Non si può non partire dalla regina del settore: Fincantieri. Il gruppo della cantieristica brinda ad una performance storica che ha moltiplicato la capitalizzazione di quasi 2,7 volte. Vero che il titolo partiva da livelli molto sacrificati (0,48 euro al 2 gennaio), ma la crescita è stata costante e progressiva ovviamente sospinta, oltre che dai risultati aziendali che premiano il fiore all’occhiello dell’ingegneria navale italiana, dall’esito alla fine positivo dell’acquisizione della francese Sxt.
Chiude male l’anno, invece, Leonardo Finmeccanica, il secondo titolo in termini di capitalizzazione, che, come si evince anche dalla tabella confrontando la performance annuale con quella dell’ultimo trimestre, dopo aver capitalizzato un 20% di rialzo fino a fine ottobre, a seguito della revisione in negativo della guidance per l’anno in corso, è stato fortemente penalizzato nell’ultimo bimestre ed archivia il 2017 con un perdita di un quarto del valore inziale.
Prysmian limita il rialzo a poco più dell’11% a causa della reazione negativa del mercato al rafforzamento patrimoniale che la società ha dichiarato di aver nella pipeline 2018 dopo l’acquisizione della concorrente americana General Cable che porterà il gruppo Prysmian a diventare il leader assoluto di mercato, di dimensione addirittura doppie al secondo operatore.
Nell’ombra Danieli e Ansaldo che terminano entrambe con una variazione debolmente positiva nel confronto fine e inizio anno, ma il cui corso delle azioni durante i 12 mesi non può definirsi laterale considerata l’ampia variazione (attorno al 30%) tra minimi e massimi segnati.
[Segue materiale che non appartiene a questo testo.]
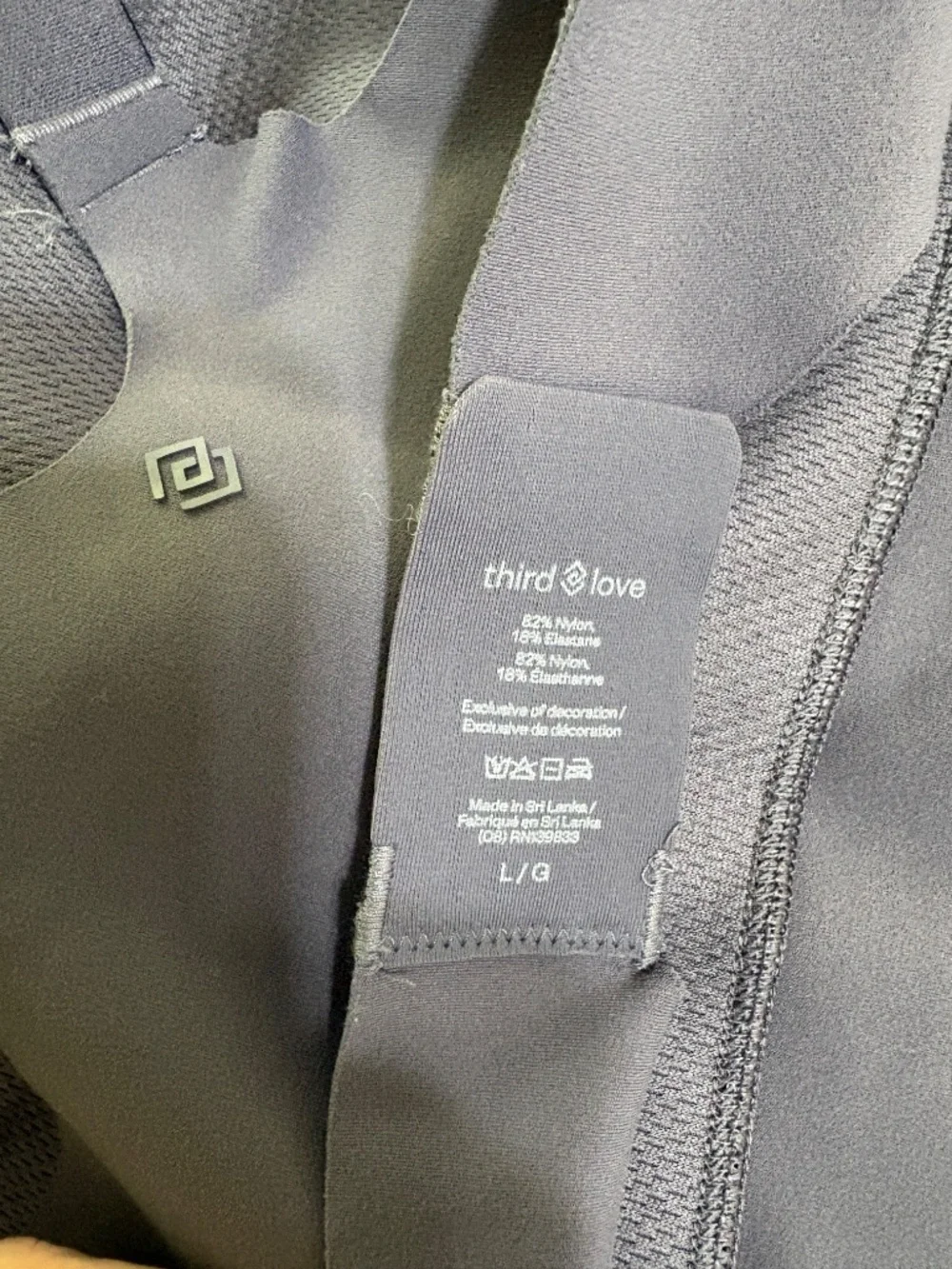 Vuori Halo Modern Full Zip Hoodie - Ecru Heather size Large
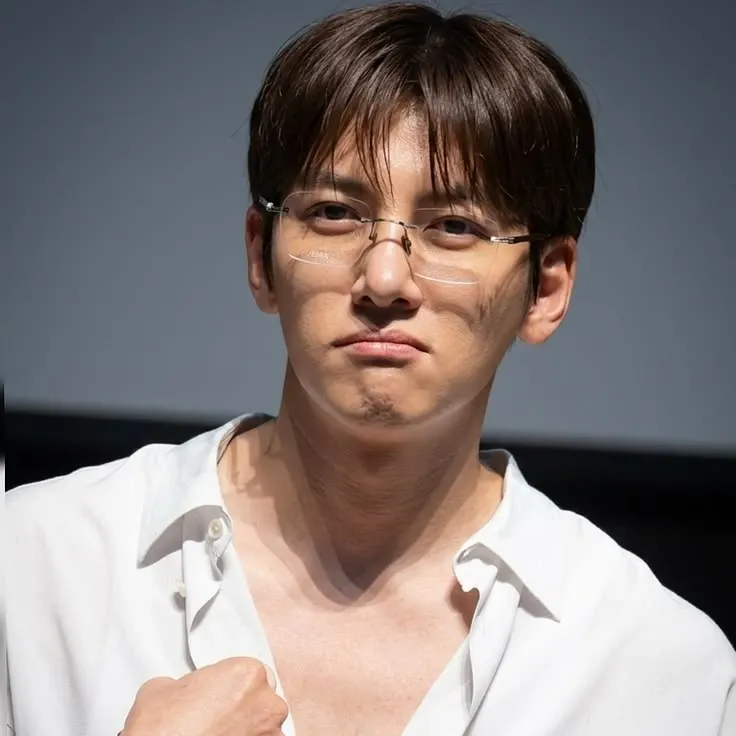 Behind-the-scenes cut of Ji Changwook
Meglio Salini Impregilo che traguarda un rialzo del 7%, anch’esso con variazioni significati tra gennaio e dicembre.
Restano infine i due casi di Astaldi e Trevi, accomunati dall’entità simile della perdita di valore delle azioni accusata nel 2017, ma che presenta motivazioni e tempistiche molto differenti. Astaldi, impegnata da tempo in un processo di razionalizzazione e de-risking delle proprie attività era riuscita a progredire significativamente di oltre il 20% nel primo trimestre ridottosi, nel prosieguo dell’anno, fino a poco meno del 15% a inizi novembre quando il precipitare della crisi Venezuelana, paese su cui il gruppo capitolino vanta un’esposizione consistente, ha trascinato con sé le sorti del titolo inabissatosi sul rinvio dell’approvazione della trimestrale e sull’annuncio di una prossima operazione di rafforzamento patrimoniale e rinegoziazione delle fonti esterne di finanziamento. Nonostante il recupero dai minimi assoluti, Astaldi arriva a consegnare una performance negativa vicina al sacrificio del 60% del proprio valore iniziale.
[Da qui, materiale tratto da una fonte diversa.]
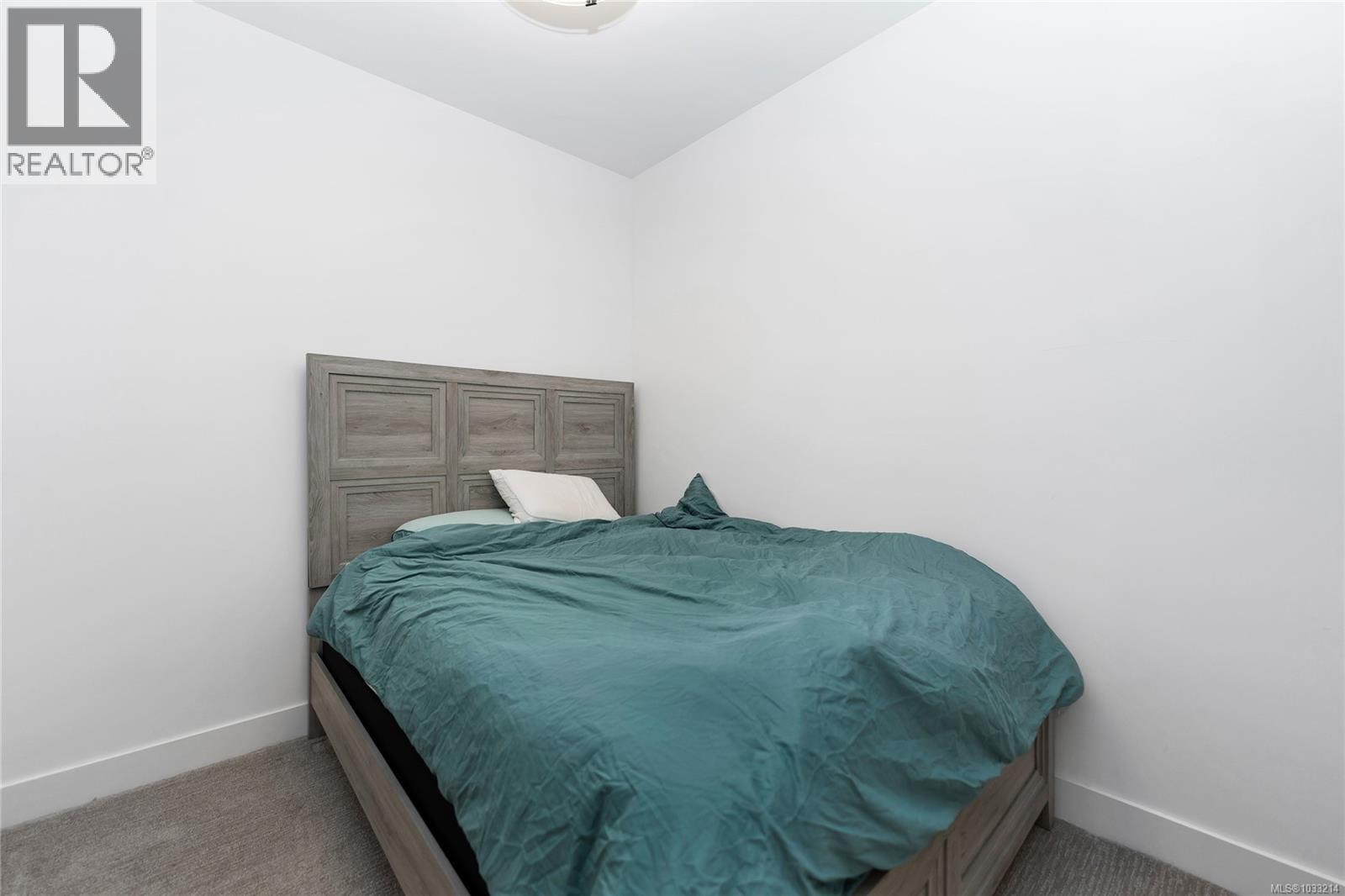 4 991 McKenzie Avenue, Saanich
Trevi, titolo la cui capitalizzazione è ormai quasi insignificante a livello di peso relativo sull’indice di settore, ha una storia differente. La crisi finanziaria del gruppo cesenate, leader nelle perforazioni, palificazione e consolidamento del terreno, di cui è socia con oltre il 16% del capitale la Cassa Depositi e Prestiti tramite il suo braccio FSI, parte da lontano ed è testimoniata dalla discesa costante del corso dell’azione già da gennaio con un’accelerazione violenta nell’ultima parte dell’anno testimoniata dall’ulteriore recente rinvio dell’approvazione dei conti trimestrali e dall’esito ancora incerto di un’accordo sulla ristrutturazione del debito. L’azione, purtroppo, sacrifica oltre due terzi del proprio valore di inizio 2017.